Netflix’s Locke & Key is a serviceable adaptation

On April 24, Disney will release Black Widow, the twenty-fourth movie in the Marvel Cinematic Universe. Two months later, Wonder Woman 1984, the ninth movie in the DC Extended Universe, will hit theaters courtesy of Warner Bros. Although such film and TV adaptations of comic book properties have been around almost as long as the funny books themselves, their popularity practically exploded in the 2010’s, and they have not showed any indication of slowing down now that we’ve hit a new decade. Even non-superhero, non-Marvel and DC comics have been getting in on the fun and making the jump to the big and little screens in this exciting era, and IDW Publishing’s Locke & Key series is one of the latest to do so. It is, however, not one of the greatest offerings out there. 

Written and co-created by Joe Hill, prolific novelist and son of the great Stephen King, Locke & Key (the comic) is the story of a small family who, after witnessing the brutal murder of patriarch Rendell Locke, decide to make a fresh start by moving to their ancestral home in Lovecraft, Massachusetts. They are not in Key House for long before magical, spooky things begin to happen, all tied into mysterious keys with equally mysterious powers.

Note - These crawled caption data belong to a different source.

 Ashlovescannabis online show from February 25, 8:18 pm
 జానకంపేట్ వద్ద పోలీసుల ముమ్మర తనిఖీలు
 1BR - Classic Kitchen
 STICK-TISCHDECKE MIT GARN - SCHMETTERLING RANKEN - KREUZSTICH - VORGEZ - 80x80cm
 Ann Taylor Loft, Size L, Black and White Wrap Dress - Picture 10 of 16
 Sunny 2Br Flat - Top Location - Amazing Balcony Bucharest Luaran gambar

Locke & Key the television show, on the other hand, is the story of the Locke children and mother coming to grips with their tragedy while simultaneously getting involved in and dealing with some messy new relationships, romantic or otherwise. Oh, there’s also some supernatural adventures that exist on the periphery as well. They also change the name of the town to Matheson for… some reason.

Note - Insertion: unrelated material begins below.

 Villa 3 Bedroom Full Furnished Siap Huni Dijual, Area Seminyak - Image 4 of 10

As a fan of the original comic, that was my biggest problem with season one of Locke & Key: a slight yet noticeable shift in focus from the source material. This in and of itself is not a bad thing, of course; it was just unexpected. The acting is well done (outside of a couple of child actors who get a pass because they’re kids), and the characters’ reactions to trauma are believable if not always pleasant. In a way, the show reminded me very much of a teenage-geared drama that you would find on the CW or even ABC Family.

The other sizable issue I had was the writing. I couldn’t put my finger on it at first, but eventually it occurred to me that sometimes the characters in Locke & Key said things in ways that no human would ever do naturally. The actors do their best to sell this occasionally off-putting dialogue, however, and they do it well. You won’t even notice anything 95 percent of the time. But that 5 percent had a tendency to draw me out of the story whenever it was noticeable. In addition to the dialogue, some motivations seemed murky, and the villain had some seemingly random and therefore silly moments of violence just to remind you that yes, she is the villain.

But maybe I’m just being spoiled in a world where you can’t swing an enchanted Asgardian hammer without hitting hundreds of comic book adaptations. There is a lot of good to be found in Locke & Key season 1, after all, but close your eyes for five minutes and ten better adaptations will steal your attention. The potential to reach greatness is there … Season two just better reach it if it wants to keep up in today’s world of capes and gods. 

Locke & Key season one is now available on Netflix.